Je n’ai pas vu le tombeau de Juliette, ou du moins la cuve en pierre rougeâtre qu’on montre dans un jardin, et qui doit sa réputation à une ouverture pratiquée, à ce qu’on suppose, pour que la jeune fille endormie pût respirer dans son cercueil. C’est pour plaire aux touristes anglais qu’on a imaginé cette antiquité. J’aimais mieux chercher dans les rues de Vérone le lieu probable du duel de Tybalt et de Mercutio, ou le palais des Capulet et le jardin où chantait l’alouette. C’est surtout à la vue d’une de ces maisons sans fenêtre au rez-de-chaussée, et dont le premier étage porte des balcons travaillés en arabesques, que je croyais entendre une voix me dire :

Vieni a veder Montecchi e Cappelletti[5].
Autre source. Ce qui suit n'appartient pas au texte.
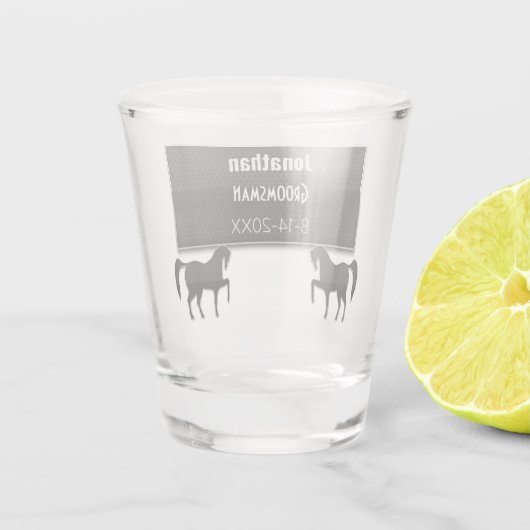 Groomsman Black Metallic Personalized Shot Glas (Achterkant)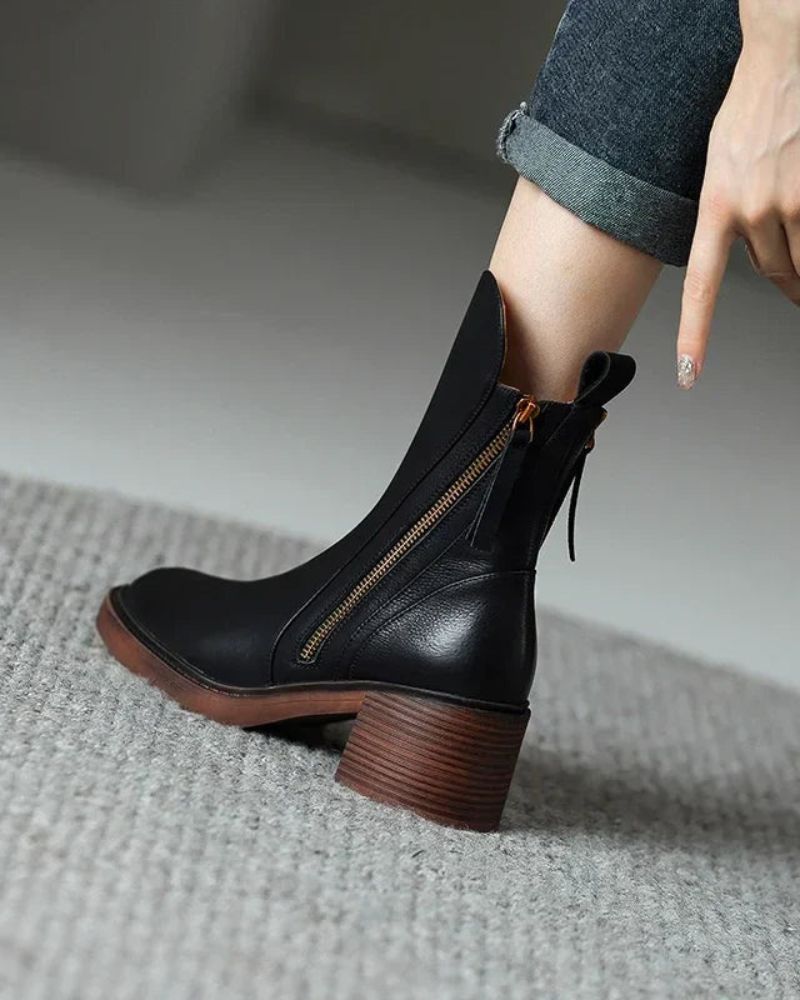 Sibylle | Leder Stiefeletten mit bequemem Absatz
Mais où ne nous conduirait pas, dans une ville aussi riche en souvenirs que Vérone, la recherche des traces du passé? J’en laisse le soin à de plus habiles, et j’engage seulement les curieux à repasser l’Adige et à se faire conduire au palais Giusti. La maison n’a pas fort grande apparence. Après un coup d’œil donné à quelques débris d’antiquités, il faut entrer dans les jardins et gravir la pente assez raide sur laquelle ils sont plantés. Ce sont jardins à l’italienne, avec terrasses superposées, grottes en rocailles, et cyprès gigantesques qu’on prétend trois ou quatre fois séculaires. Par une rampe en lacet, on monte à un pavillon d’où se découvrent dans leur magnificence Vérone et ses environs. Au soleil couchant, cette vue est d’un effet extraordinaire.


VI.

Vicence, qui vient après Vérone, est la ville de l’architecture. Il faudrait des connaissances positives pour en parler d’une manière vraiment intéressante. Déjà à Vérone nous avons été obligé de passer sous silence nombre de beautés ou de curiosités monumentales; nous n’avons pas même nommé un homme de génie, qui a rempli cette ville de ses travaux, Sanmicheli, un de ces artistes signalés, comme on l’était souvent au XVIe siècle, par la diversité autant que par la distinction des talens. Fortifications, églises, palais, restaurations de tous les genres et de toutes les époques, il n’est rien que Sanmicheli n’ait tenté, et qu’il n’ait accompli avec supériorité. C’était Vauban, Riquet, Perrault tout ensemble, un de ces hommes qui marchent à grands pas dans la voie au terme de laquelle brillent les hommes universels, Léonard de Vinci et Michel-Ange. A Vicence, il est bien difficile de ne point parler de Palladio, quoiqu’il ne soit pas, à mon avis, tout à fait l’égal de Sanmicheli, et de ne point citer Scamozzi, qui approche de tous deux. Le nom de Sansovino se place au moins sur le même rang que ceux de Scamozzi et de Palladio. Ce sont là quatre grands maîtres qu’il faudrait pouvoir bien apprécier pour faire avec un plaisir complet le voyage de Vérone à Venise, et comment les apprécier, comment les bien admirer, sans une instruction ou seulement une expérience qui permette de pénétrer par la comparaison dans les secrets d’un art encore moins que la peinture accessible au vulgaire?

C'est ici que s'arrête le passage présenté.